§ What the exercise asks: In the entries below, find the line with "Мальчик Бигль ищет невесту на вязку" and the line with "Wild Turkey - ML627837583"; reproduce those two lines and all lines between them exactly, without pictures.

§ Listed entries:
========
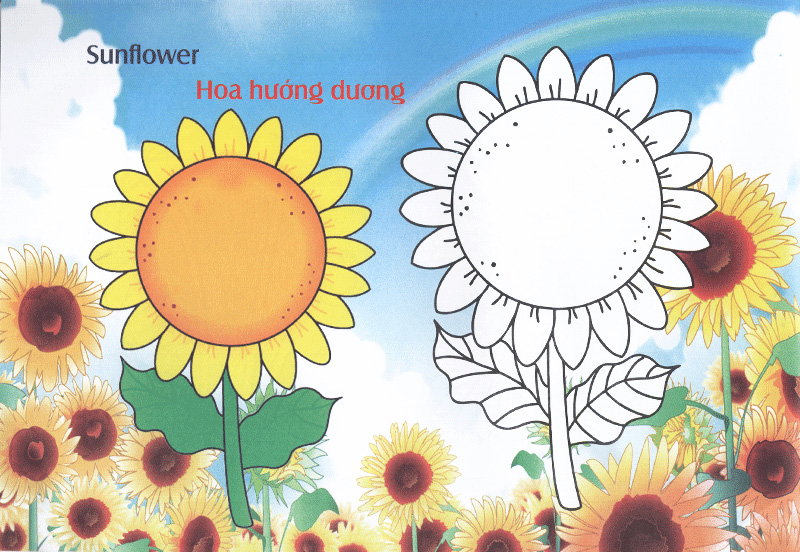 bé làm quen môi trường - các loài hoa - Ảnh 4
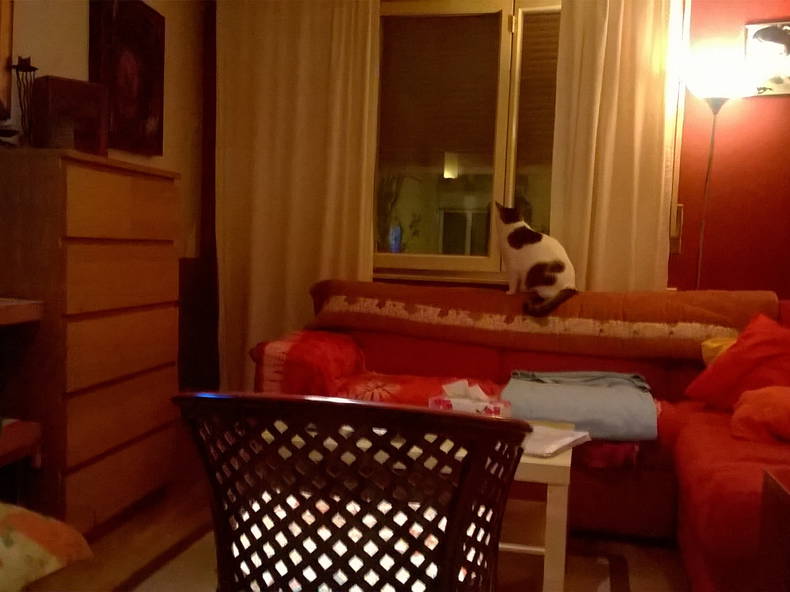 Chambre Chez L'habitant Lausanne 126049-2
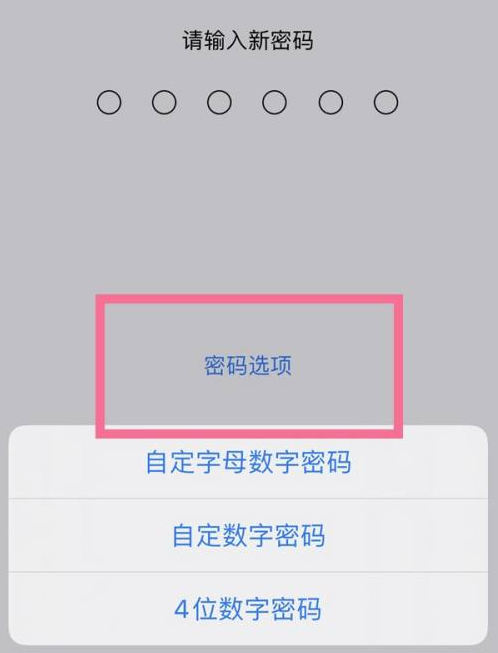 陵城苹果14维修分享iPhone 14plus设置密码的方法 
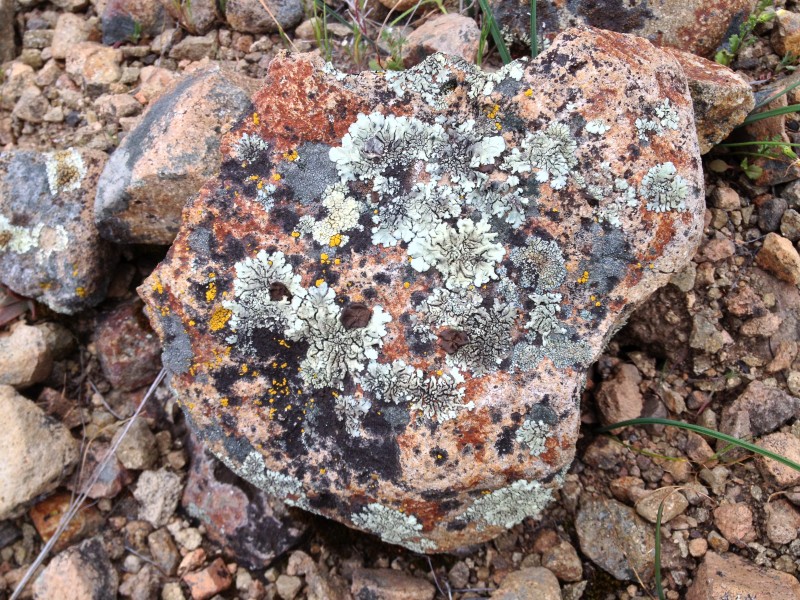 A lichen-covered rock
========
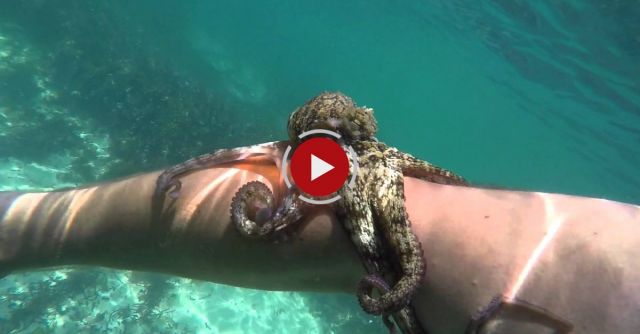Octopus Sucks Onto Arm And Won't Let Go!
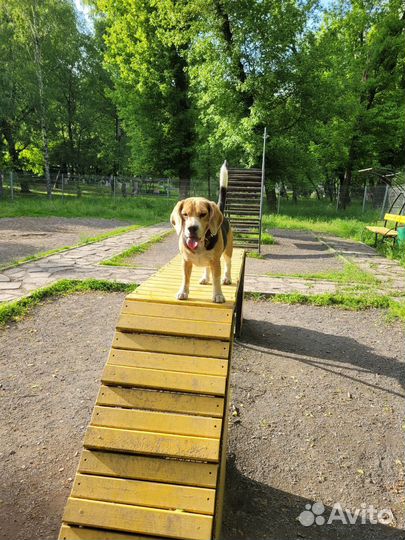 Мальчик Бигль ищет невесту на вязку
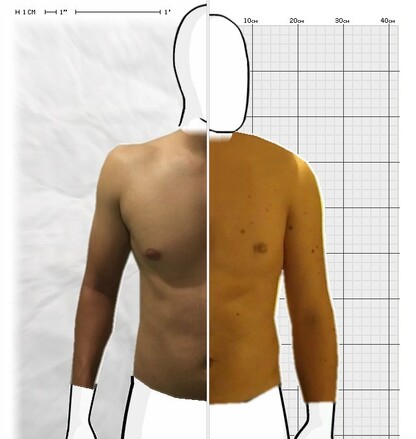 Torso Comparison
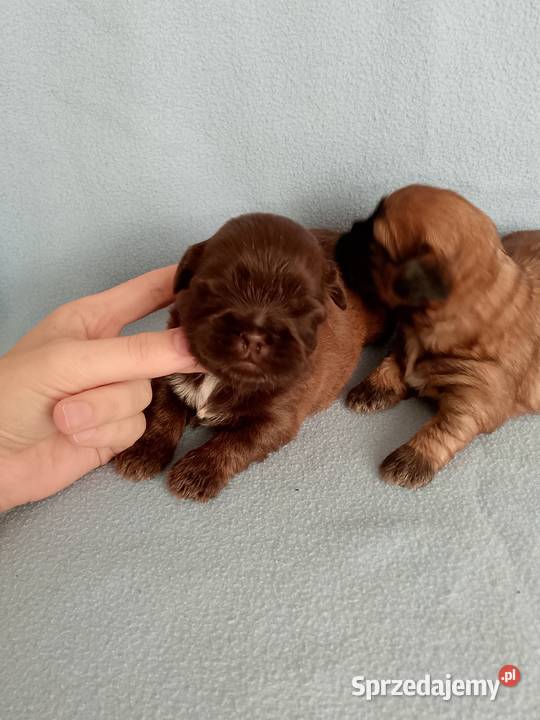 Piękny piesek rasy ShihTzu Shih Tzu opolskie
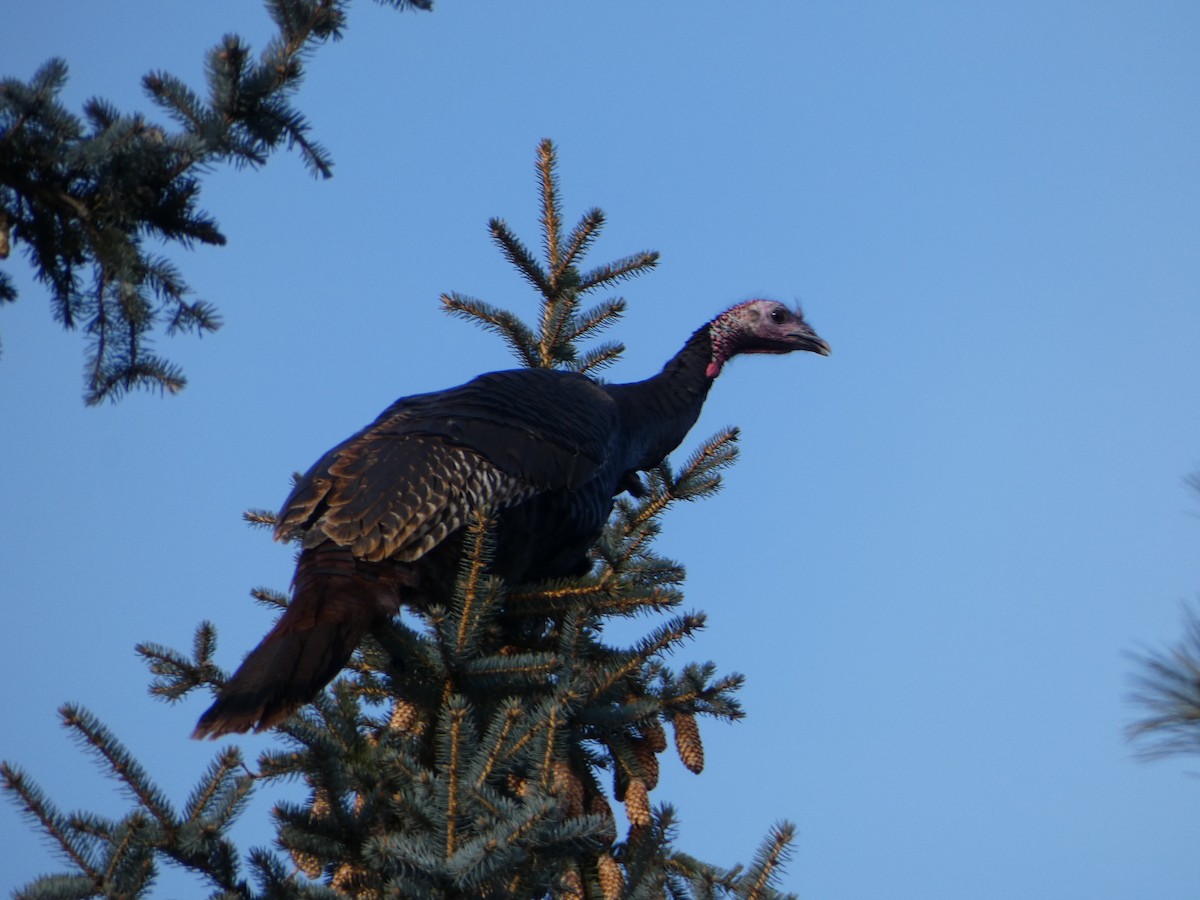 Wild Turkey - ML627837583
========
§ Result:
 Мальчик Бигль ищет невесту на вязку
 Torso Comparison
 Piękny piesek rasy ShihTzu Shih Tzu opolskie
 Wild Turkey - ML627837583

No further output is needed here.